Congrats! One of us!


----------



## flaherz09 (May 18, 2015)

HNGD! I'm probably picking an OS 6 up on the near future, glad you are digging yours!


----------



## JejeLaFrite (May 19, 2015)

Thanks guys !


----------



## JejeLaFrite (May 19, 2015)

Btw, am I the only one to notice the rectangular pattern around the pickups ?
It's like there's been a stencil while on it while crafting.

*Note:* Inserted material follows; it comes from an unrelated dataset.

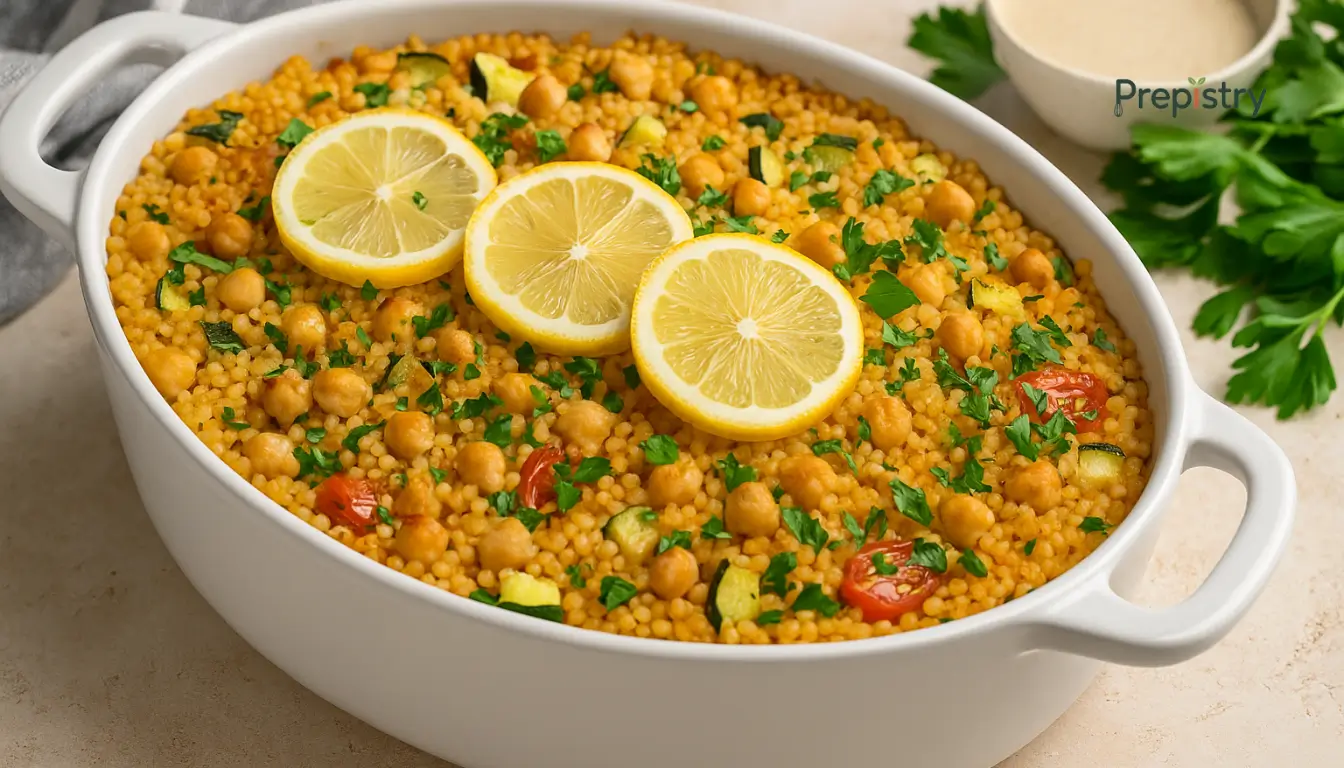 Lemon Chickpea Couscous Casserole Golden chickpea couscous casserole with lemon slices and parsley in a white baking dish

I'll try to post other pics about it.


----------



## morbidus (May 19, 2015)

Every time I see one of these I want one more. I am unsure about some of the features but every single post states they are great after a few minutes of playing with them. Congrats!


----------



## shredwoodforest (May 19, 2015)

JejeLaFrite said:


> Btw, am I the only one to notice the rectangular pattern around the pickups ?
> It's like there's been a stencil while on it while crafting.
> 
> I'll try to post other pics about it.



I checked mine and didn't notice anything like that. I'd be interested to see yours if you could post a pic!


----------



## HighGain510 (May 19, 2015)

JejeLaFrite said:


> Btw, am I the only one to notice the rectangular pattern around the pickups ?
> It's like there's been a stencil while on it while crafting.
> 
> I'll try to post other pics about it.



I doubt it was a stencil since they're all being routed by CNC. Post pics so we can see what you're talking about, but my guess is that it might just be a coincidence with the maple top and stain around the pickup routes.


----------



## JejeLaFrite (May 20, 2015)

Here are some pics in the sun:
(I circled in green the rectangular pattern)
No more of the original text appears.